Friday, 28 June 2013

Presidential dinner: Jonathan didn’t meet Amaechi for security reason–Presidency


President Goodluck Jonathan
The Presidency on Thursday defended  the prevention of Governor Rotimi Amaechi of Rivers State from exchanging pleasantries with President Goodluck Jonathan by a security operative during dinner at the Presidential Villa, Abuja on Wednesday.
It said the  incident was purely a security issue that should not be politicised,especially by opposition political parties.
The governor, who was sitting two tables away from the President, had risen to greet him but the security  operative attached to the President stopped him halfway.
 In order not to create a scene at the event that had nearly all his colleagues and two  heads of government (Joyce Banda of Malawi and Ellen Johnson-Sirleaf of Liberia) in attendance, Amaechi quietly returned to his seat and waited for  about five minutes before leaving the venue.
But as  the Action Congress of Nigeria and Congress for Progressive Change berated Jonathan over  the incident, the Special Adviser to the President on Political Matters, Dr. Ahmed Gulak,  said it was tantamount to a breach of protocol and security if Amaechi was allowed access to  his  boss  who  was already seated before the governor arrived.
Gulak  said,  “The President has a good relationship with all state governors and he meets with them regularly. The case in point is a pure security issue and it should be treated as a security issue that should not be politicised.
“The question the ACN and others who may want to politicise this issue need to ask is whether the President arrived at the venue of the dinner and was already seated before the governor arrived.
“Usual practice across the world is that once the President arrives a place, nobody whether a governor or not, is allowed entrance. That is the protocol. Even(Barack)  Obama  of the United States cannot be on his seat and a governor will be allowed to come in.
“If that was the situation in this case that the President was already on his seat,  it would have been a breach of protocol and security for any security person to allow the governor access to the President. Such a security person would have been sanctioned if he had done that.”
Wondering  why the ACN  was interested in the  matter, the presidential aide advised the opposition political parties to   “concentrate on issues concerning them and stop politicising everything.”
 The ACN  had in a statement by its  National Publicity Secretary, Alhaji Lai Mohammed, condemned the action of the operative and called on Jonathan to order an immediate  probe into  it.
It said, “We are making this call because we do not believe that, in spite of the reported frosty relations between the two, President Jonathan – as the father of the nation – will lend the weight of his high office to such a demeaning action as exhibited by the presidential security personnel.

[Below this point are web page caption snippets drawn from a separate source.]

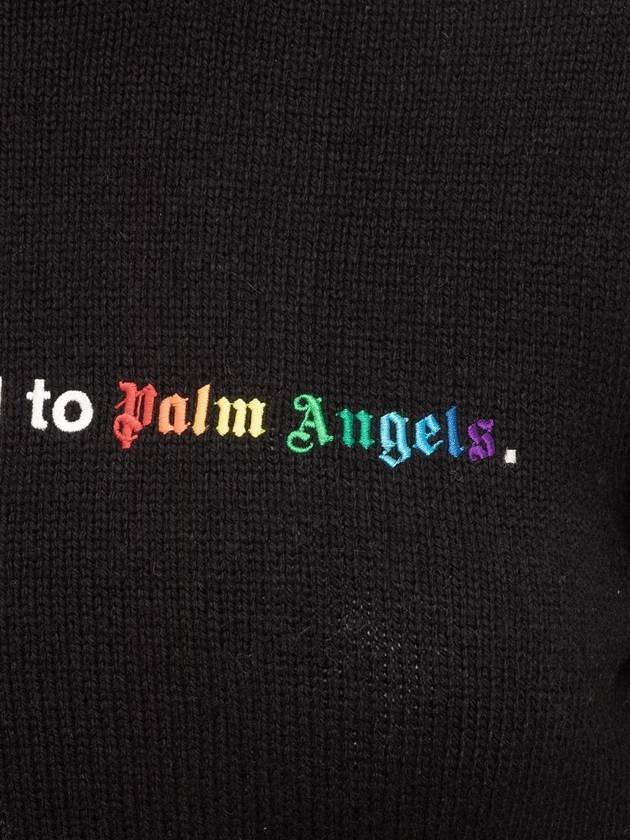 All Road Crop Sweater PWHF024F23KNI0021001 - PALM ANGELS - BALAAN 5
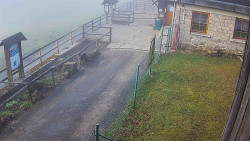 Terasa horského hotelu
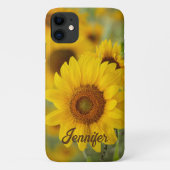 Sonnenblume Personalisiert Handy Abdeckung iPhone Case-Mate iPhone Hülle (Rückseite)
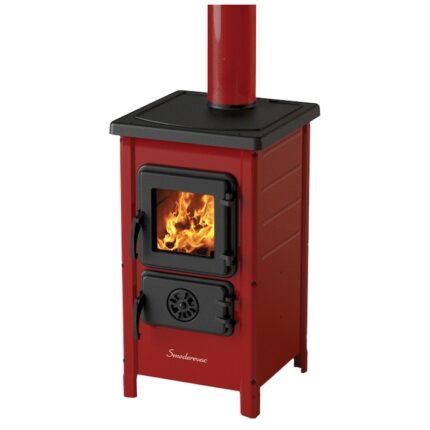 Soba pentru incalzit MBS HAPPY Rosu, 6 kW
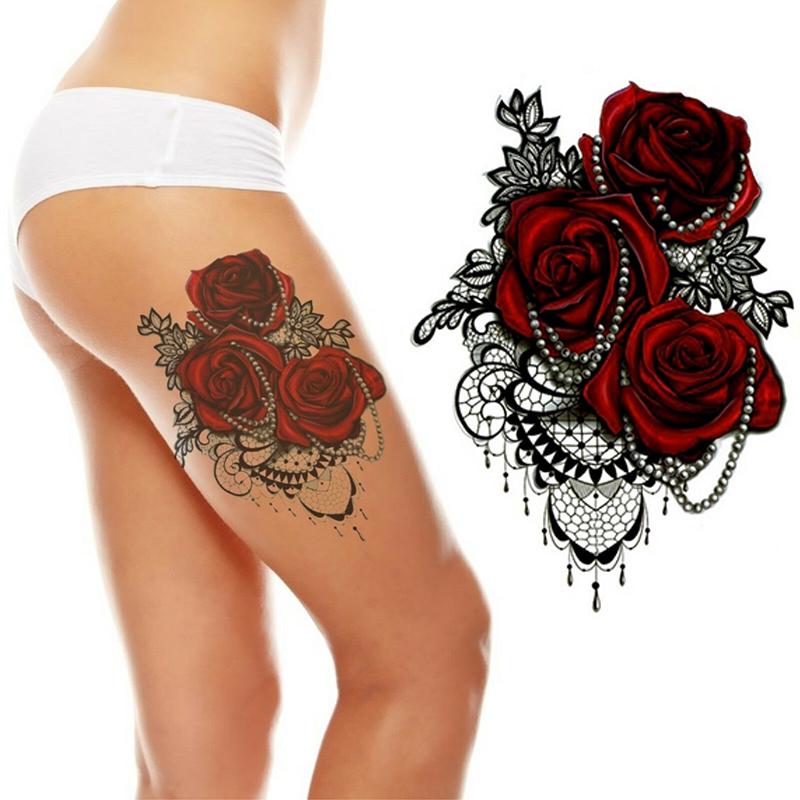 Pdpo Donne Tatuaggio Temporaneo Adesivo Grande 3D Rosa Perle Pizzo Body Art Impermeabile Acquista In Modo Economico — Spedizione Gratuita, Recensioni Reali Con Foto — Joom 800_x_800_jpg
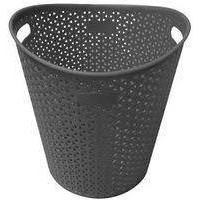 KENPOLY BLACK PLASTIC WASTE PAPER BASKET DUSTBIN
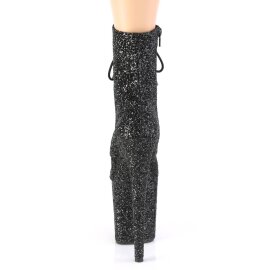 Pleaser FLAMINGO-1020GWR Stivaletti con Plateau Glitter Nero EU-35 / US-5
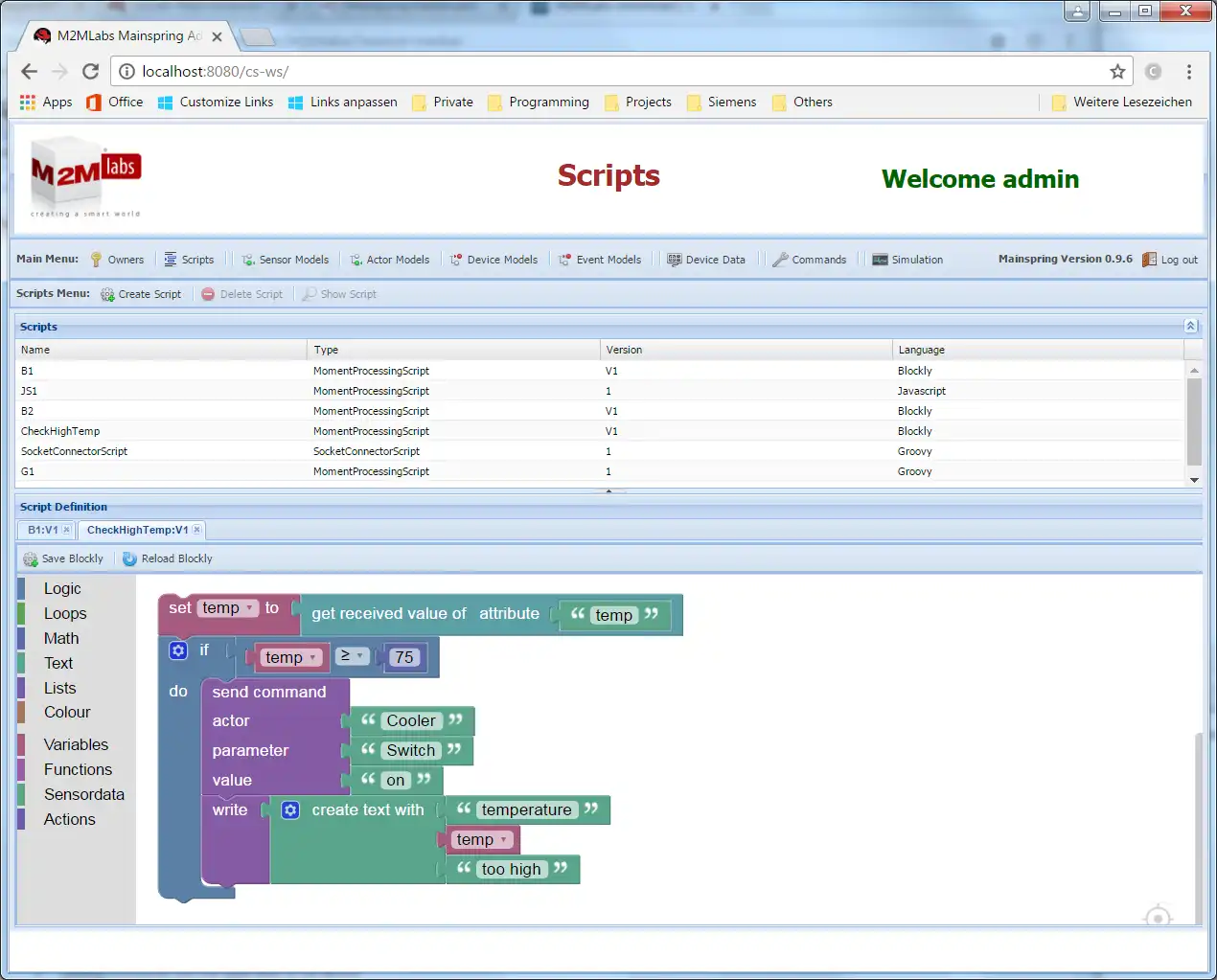 Download web tool or web app M2MLabs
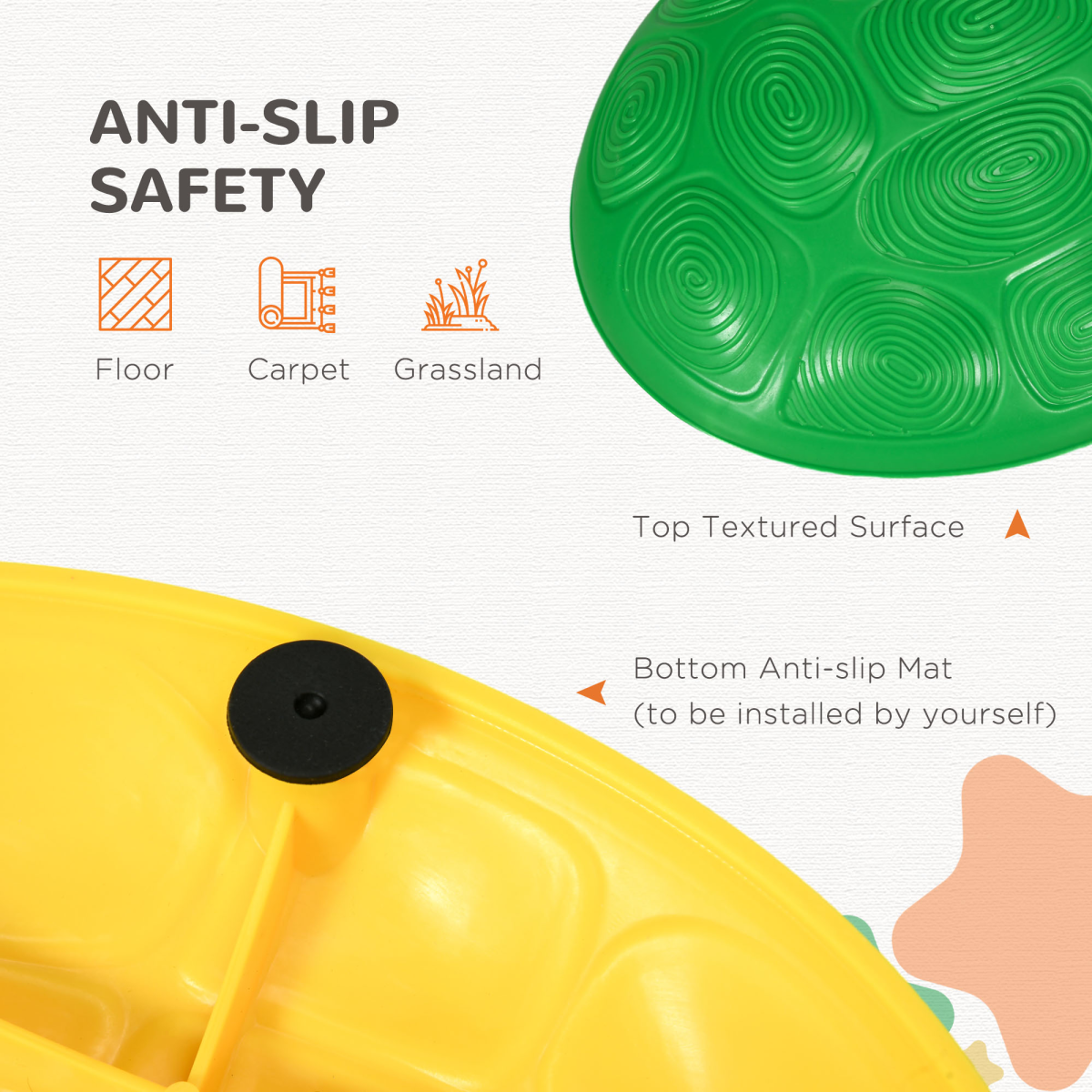 ZONEKIZ Balance River Stones w/ Non-Slip Mats for Ages 3-8 Years - Image 5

“To believe that anyone occupying the esteemed office of the President of one of Africa’s most important nations will be a party to a situation in which any security aide will wilfully fence a state chief executive from paying his respect to the President at such an open gathering will be to think the worst of the occupier of that office. That is why we have chosen not to believe that this indeed occurred, and why we are calling on Mr. President to tell Nigerians that ‘it ain’t so’ “We shudder to think of what efforts are being made – including the use of national institutions – to undermine Gov. Amaechi if the treatment reportedly meted out to him at the dinner has the approval of the powers that be. We are even more worried at what will happen to a governor from the opposition who falls out of favour with the President, if a governor from the same party as the President can be so publicly humiliated.”
ACN said it was particularly incumbent on the President to clarify the report because Amaechi, the authentic Chairman  of the Nigeria Governors’ Forum,  extended an olive branch to him  by attending the dinner, despite the fact that  he (President) was publicly supporting the losing faction of the NGF, in what was being seen as a “democratic faux pas.”
The party said the President must learn to separate politics from governance by rising above petty partisanship as he steered the affairs of state.
On its part, the Congress for Progressive Change   said it was clear to many discerning minds that “the government of President Jonathan  is being run like a mafia organisation where you have the head at the Villa.”
 “This is the kind of price we pay when we sacrifice competence on the altar of exigency,” the CPC  said through its  National Publicity Secretary, Mr. Rotimi Fashakin.
The party added, “We have always said it that the way President Jonathan is running this country;  he will  run it  aground.
“No Nigerian can be proud of what is happening in a situation where nations of the world are improving their democratic credentials; we are going towards further isolation.
“A situation where a chief  executive is being blocked by security apparatus of the President, you ask yourself what hope mortals like us have under the  Jonathan government.”